> _WHAT IS EXPECTED_
Would you return the listing that follows exactly, leaving its pictures behind?

= = = = =

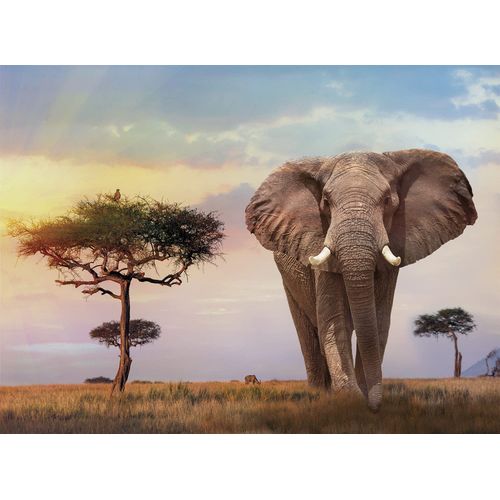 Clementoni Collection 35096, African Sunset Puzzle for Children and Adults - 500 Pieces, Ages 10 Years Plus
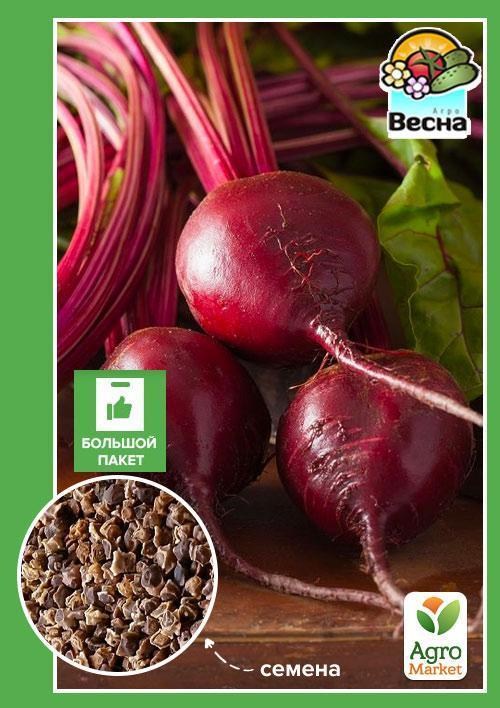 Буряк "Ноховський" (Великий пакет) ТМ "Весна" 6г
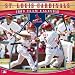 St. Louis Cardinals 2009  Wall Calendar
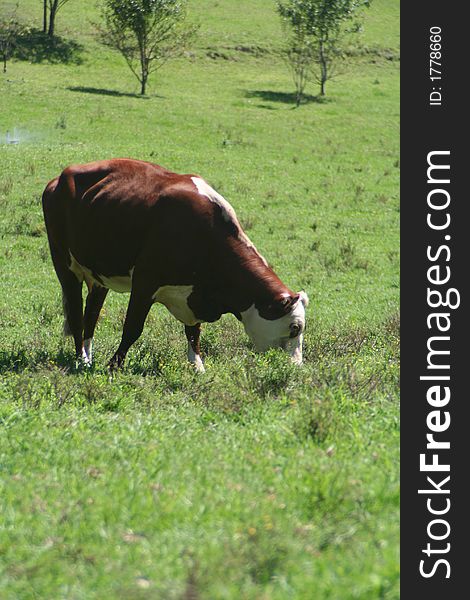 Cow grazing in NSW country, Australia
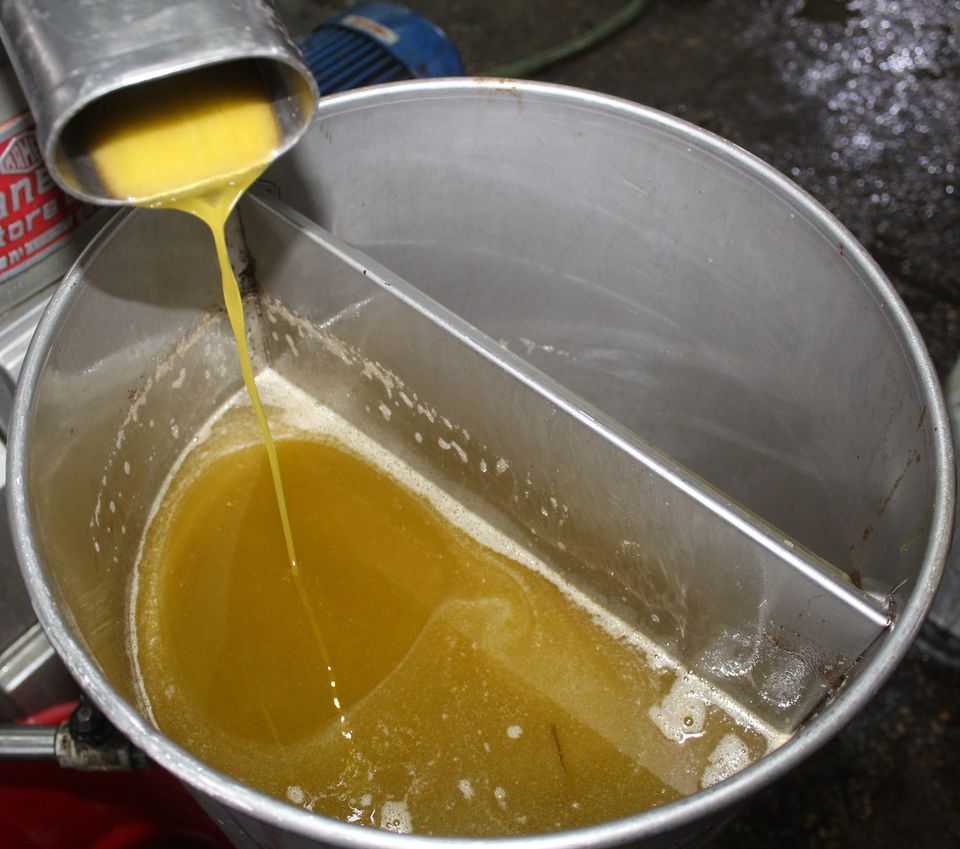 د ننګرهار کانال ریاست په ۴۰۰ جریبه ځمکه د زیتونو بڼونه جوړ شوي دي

= = = = =

> _RESULT_
 Clementoni Collection 35096, African Sunset Puzzle for Children and Adults - 500 Pieces, Ages 10 Years Plus
 Буряк "Ноховський" (Великий пакет) ТМ "Весна" 6г
 St. Louis Cardinals 2009  Wall Calendar
 Cow grazing in NSW country, Australia
 د ننګرهار کانال ریاست په ۴۰۰ جریبه ځمکه د زیتونو بڼونه جوړ شوي دي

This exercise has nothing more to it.